AKT Inhibitor MK-2206 in Treating Patients With Relapsed or Refractory Acute Myeloid Leukemia

Recurrent Adult Acute Myeloid Leukemia Clinical Trial

Official title:

A Phase 2 Study of the AKT Kinase Inhibitor MK-2206 in Patients With Relapsed Refractory Acute Myelogenous Leukemia

Clinical Trial Details — Status: Completed

Administrative data

• NCT number: NCT01253447
• Other study ID #: NCI-2010-02186
• Secondary ID: NCI-2010-0218620
• Status: Completed
• Phase: Phase 2
• Start date: October 2010
• Est. completion date: April 2014

Study information

• Verified date: July 2018
• Source: National Cancer Institute (NCI)
• Contact: n/a
• Is FDA regulated: No
• Study type: Interventional

Clinical Trial Summary

This phase II trial is studying how well AKT inhibitor MK-2206 works in treating patients with relapsed or refractory acute myeloid leukemia (AML). AKT inhibitor MK-2206 may stop the growth of cancer cells by blocking some of the enzymes needed for cell growth.

Description:

PRIMARY OBJECTIVES:

I. Determine the proportion of patients achieving Morphologic Complete Response (CR), Morphologic CR with incomplete count recovery (CRp) or Partial Response (PR) as best response within 3 cycles of therapy with MK-2206.

SECONDARY OBJECTIVES:

I. Describe the disease-free survival of patients that achieve CR/CRp.

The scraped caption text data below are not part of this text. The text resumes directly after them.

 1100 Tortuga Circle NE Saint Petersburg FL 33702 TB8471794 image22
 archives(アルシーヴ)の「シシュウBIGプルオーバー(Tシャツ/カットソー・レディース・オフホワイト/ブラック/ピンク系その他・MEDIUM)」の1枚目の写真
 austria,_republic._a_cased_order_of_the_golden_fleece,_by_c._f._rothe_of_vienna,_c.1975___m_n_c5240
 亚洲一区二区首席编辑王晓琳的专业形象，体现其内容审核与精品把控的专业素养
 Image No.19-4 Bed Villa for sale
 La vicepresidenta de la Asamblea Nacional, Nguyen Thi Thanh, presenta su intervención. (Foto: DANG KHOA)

II. Determine the toxicity profile of single-agent MK-2206 in this patient population.

III. To determine the biologic effects of MK-2206 on leukemia cells.

OUTLINE:

Patients receive AKT inhibitor MK-2206 orally (PO) once weekly. Treatment repeats every 28 days for up to 12 courses in the absence of disease progression or unacceptable toxicity.

After completion of study treatment, patients are followed up periodically.

Other known NCT identifiers

• NCT01654978

Recruitment information / eligibility

• Status: Completed
• Enrollment: 19
• Est. completion date: April 2014
• Est. primary completion date: October 2013
• Accepts healthy volunteers: No
• Gender: All
• Age group: 18 Years and older

Eligibility

Inclusion Criteria:

• Patients must have histologically or cytologically confirmed AML other than acute promyelocytic leukemia (2008 World Health Organization (WHO) classification)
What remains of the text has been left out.